Mais, dans l’ensemble, on lit les mêmes articles, résignés, que lorsqu’il s’agit de rendre compte des licenciements dans d’autres branches d’activités. «Des licenciements seront inévitables», «la direction envisage des départs en préretraite», «le groupe compte sur des départs naturels»: mêmes histoires, mêmes formules, on évite de dire crûment qu’on vire des gens pour améliorer des marges et rémunérer des actionnaires.

D’autant plus que les patrons peuvent s’abriter derrière les difficultés structurelles de la branche. Les vrais responsables de la déliquescence de la presse écrite, il faudrait les chercher du côté des gratuits et du web.

Il est vrai que, avec l’apparition des gratuits au début des années 2000, combinée à l’essor d’internet, les recettes publicitaires sont en chute libre. Comme l’argent des annonceurs constitue depuis longtemps la principale source de revenus des médias payants, il faut bien trouver des moyens de limiter la casse. On mutualise, on diversifie, on restructure… en se gardant bien sûr de remettre en cause un modèle économique incompatible avec l’indépendance de la presse.

…et façonner l’opinion

Reste un paradoxe: de fusion en fusion, les contenus se ressemblent de plus en plus, et le nivellement se fait par le bas. Entre Le Matin et 20 Minutes, les différences s’estompent et payer devient un choix de plus en plus irrationnel.

Deuxième paradoxe, les journaux, même agonisants, continuent de trouver des groupes prêts à dépenser des fortunes pour les racheter. Pendant que Tamedia réorganise la presse romande, un certain Christoph Blocher, via le groupe de la Basler Zeitung, vient de débourser plusieurs dizaines de millions pour mettre la main sur 25 (!) hebdomadaires gratuits outre-Sarine – soit environ 800 000 lecteurs et lectrices.

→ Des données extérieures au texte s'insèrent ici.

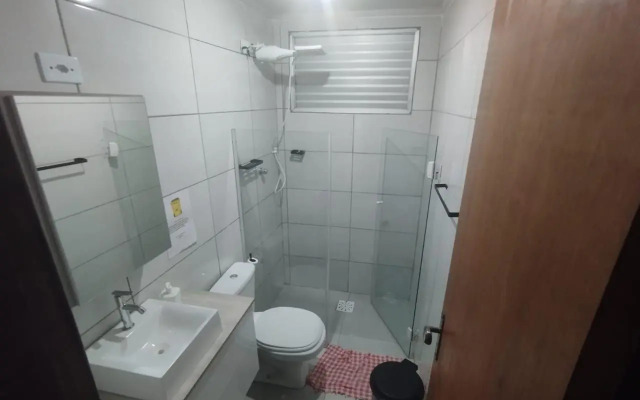 C207- Apto 1 dorm TV Smart e WIFI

Gageons que l’ancien conseiller fédéral sait où sont ses intérêts. Dans la presse, les bénéfices se mesurent surtout en image de marque et en influence. S’il faut mener le combat pour une presse libre et indépendante, c’est que le résultat des prochaines votations se joue aussi dans la survie de médias capables de porter un regard critique sur les discours dominants.

Une bonne raison pour soutenir, au niveau individuel, des titres papiers ou en ligne indépendants, à commencer bien sûr par le journal de solidaritéS.